When to keep in the same table: - The data is always accessed together - It's small and always present

Putting It All Together — Instagram Schema

Let's model a simplified Instagram. Requirements: - Users can create posts with images - Users can like and comment on posts - Users can follow other users

┌──────────┐       ┌──────────┐       ┌──────────────┐
│  users   │       │  posts   │       │   comments   │
├──────────┤       ├──────────┤       ├──────────────┤
│ id (PK)  │◄──┐   │ id (PK)  │◄──┐   │ id (PK)      │
│ username │   └───│ user_id  │   └───│ post_id      │
│ email    │       │ content  │       │ user_id ──►  │
│created_at│       │ media_url│       │ content      │
└──────────┘       │like_count│       │ created_at   │
     ▲             │created_at│       └──────────────┘
     │             └──────────┘
     │
     │    ┌──────────────┐       ┌──────────────┐
     │    │    likes     │       │   follows    │
     │    ├──────────────┤       ├──────────────┤
     └────│ user_id      │       │ follower_id  │──► users.id
          │ post_id ──►  │       │ following_id │──► users.id
          │ created_at   │       │ created_at   │
          └──────────────┘       └──────────────┘

Relationships: - User → Posts: 1:N (user_id FK on posts) - User → Comments: 1:N (user_id FK on comments) - Post → Comments: 1:N (post_id FK on comments) - User ↔ Likes ↔ Post: M:N (junction table) - User ↔ Follows ↔ User: M:N self-referential (junction table with two FKs to the same table)

This is the same schema structure used by most social media system design problems. The specifics change (tweets vs posts, playlists vs albums) but the patterns repeat.

Common Mistakes

Putting everything in one table: A "posts_with_comments" table that stores both post and comment data in the same row. This makes queries awkward and violates normalization.

Forgetting the junction table for M:N: Trying to store likes as an array column on posts (liked_by: [1, 2, 3]). This works in document databases but breaks relational integrity and makes queries like "show all posts liked by user X" painful.

No primary key: Every table needs one. No exceptions.

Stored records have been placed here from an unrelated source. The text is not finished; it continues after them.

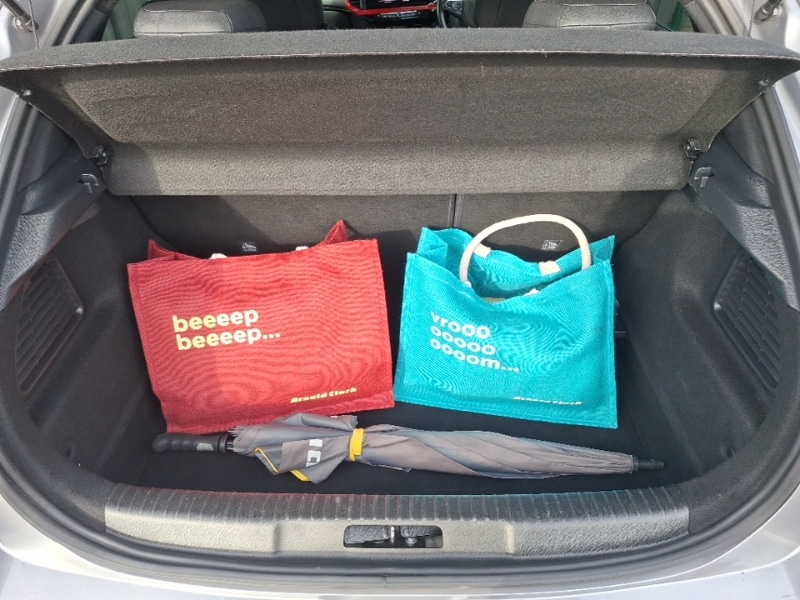 Used Vauxhall Mokka 2022 for sale - 76502575: Photo 8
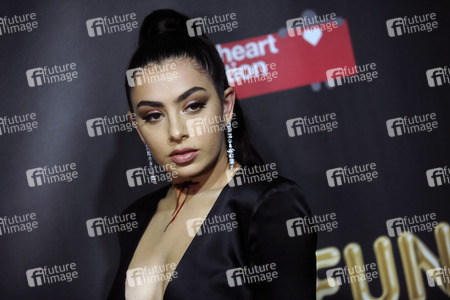 amfAR und Naked Heart Foundation Fabulous Fund Fair in New York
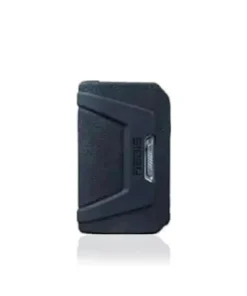 Silicone Geekvape Aegis Legend 2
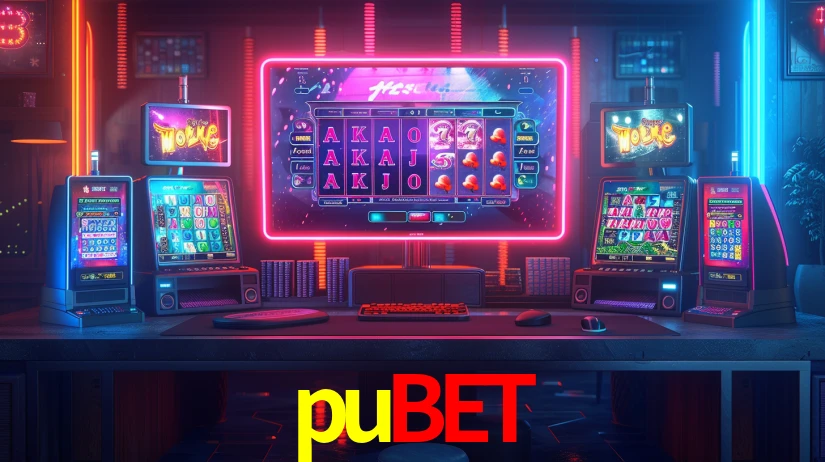 pubet,pubet.com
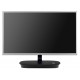 aoc-i2473pwy-23-8-noir-full-hd-ecran-plat-de-pc-1.jpg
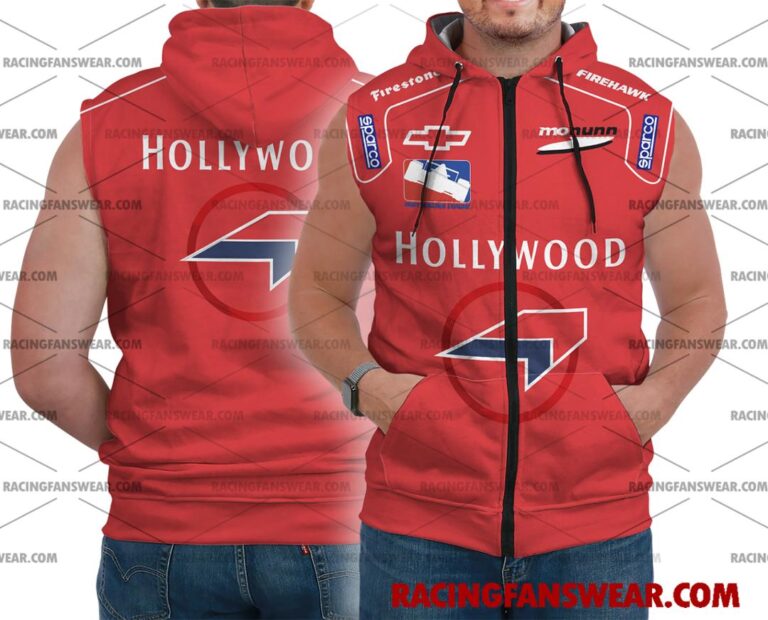 IndyCar store - Loyal fans of Tony Kanaan's Bomber Jacket,Unisex Thick Coat,Unisex Sleeveless Hoodie,Unisex Hooded T-Shirt,Kid Sleeveless Hoodie,Kid Hooded T-Shirts,Kid Thick Coat:Vintage indycar racing suit,uniform,apparel,shirts,merch,merchandise,jersey,hoodie,jackets,shorts,sweatshirt,outfits,clothes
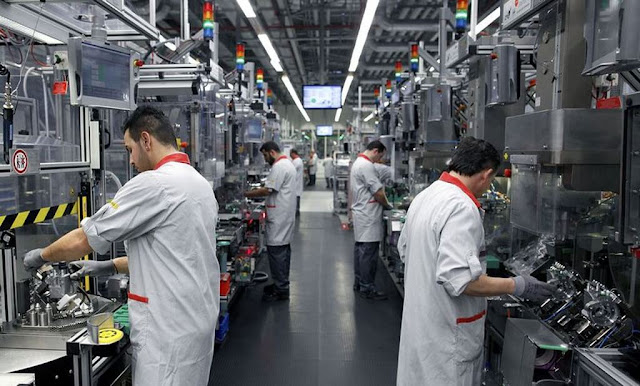 auxiliar de produção pinhais auxiliar de produção pinhais
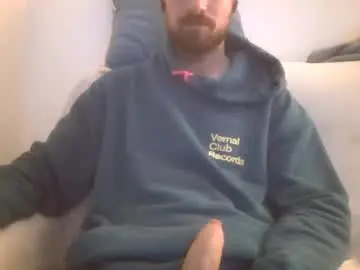 Chaturbate Adult Webcam of roddmannn14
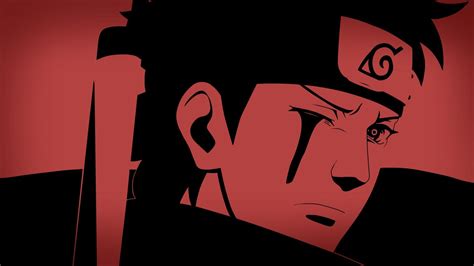 Uchiha Shisui Wallpaper K Here You Can Find The Best Obito Uchiha Wallpapers Uploaded By Our
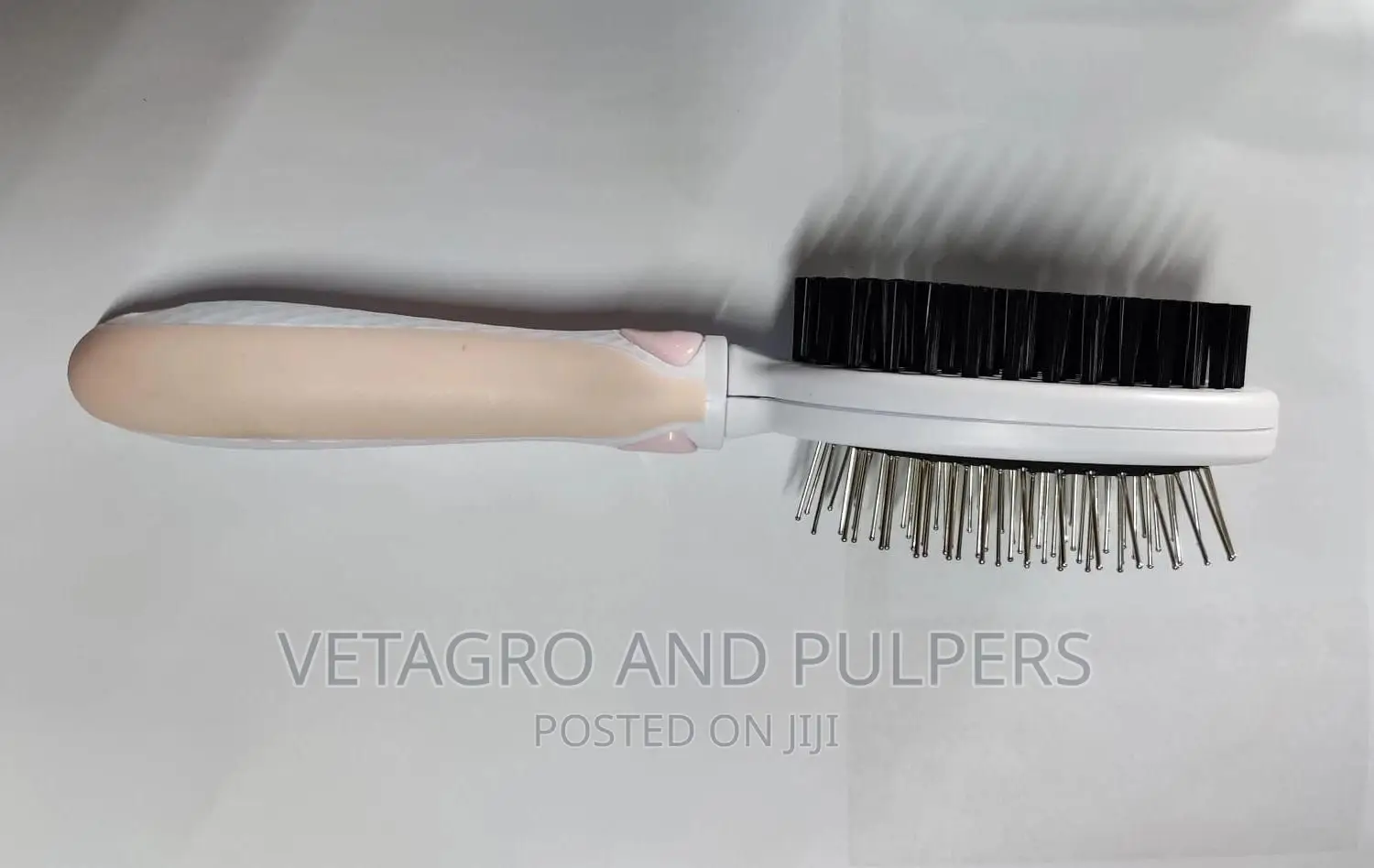 Pet Comb Series Dog Brush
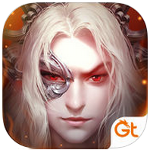 League of Angels: Paradise Land cho iOS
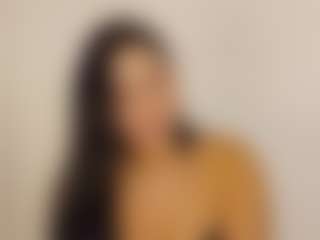 Eli brown's Live Sex Cam Show
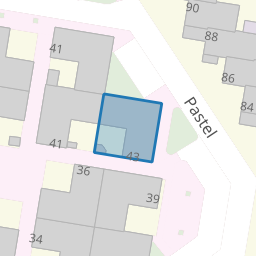 Perceel CPL01-D-1614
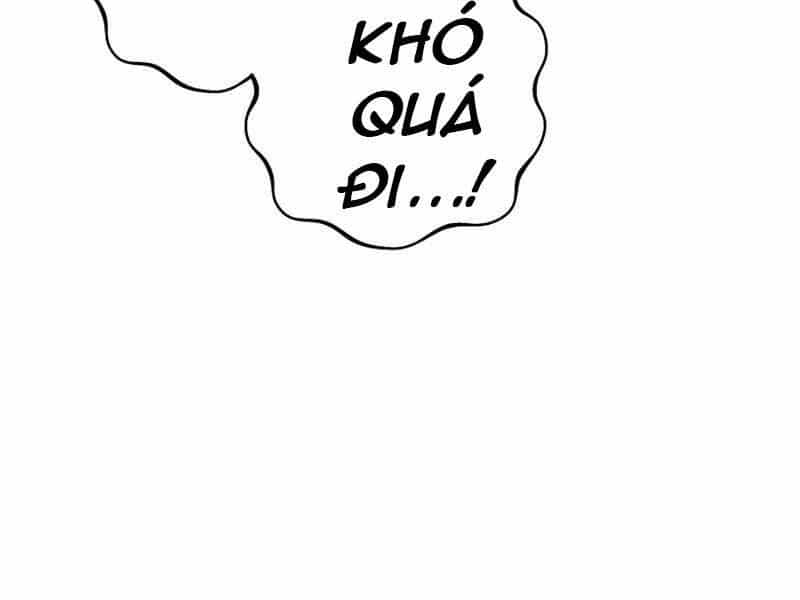 Học Viện Tối Thượng - Chương 6.5 - ảnh 133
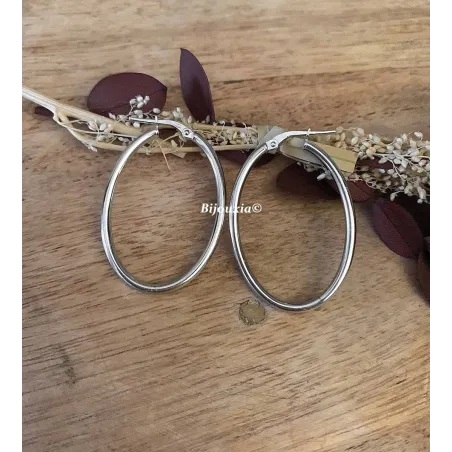 Bracelet Vierge Marie 14K Plaqué Or Tricolore Guadalupe Bracelets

Wrong side for the foreign key: The FK goes on the "many" side. Posts have user_id, not users have post_id.

Quick Recap

Relationship	Implementation	Example
1:N	FK on the "many" side	posts.user_id → users.id
M:N	Junction table with two FKs	likes(user_id, post_id)
1:1	FK with UNIQUE constraint	profiles.user_id → users.id

Interview Tip

After listing your core entities, draw the relationships as arrows between them. Say "users to posts is one-to-many, users to likes to posts is many-to-many through a junction table." Then move on. Don't spend five minutes on the schema — the interviewer wants to see you think about it, not perfect it.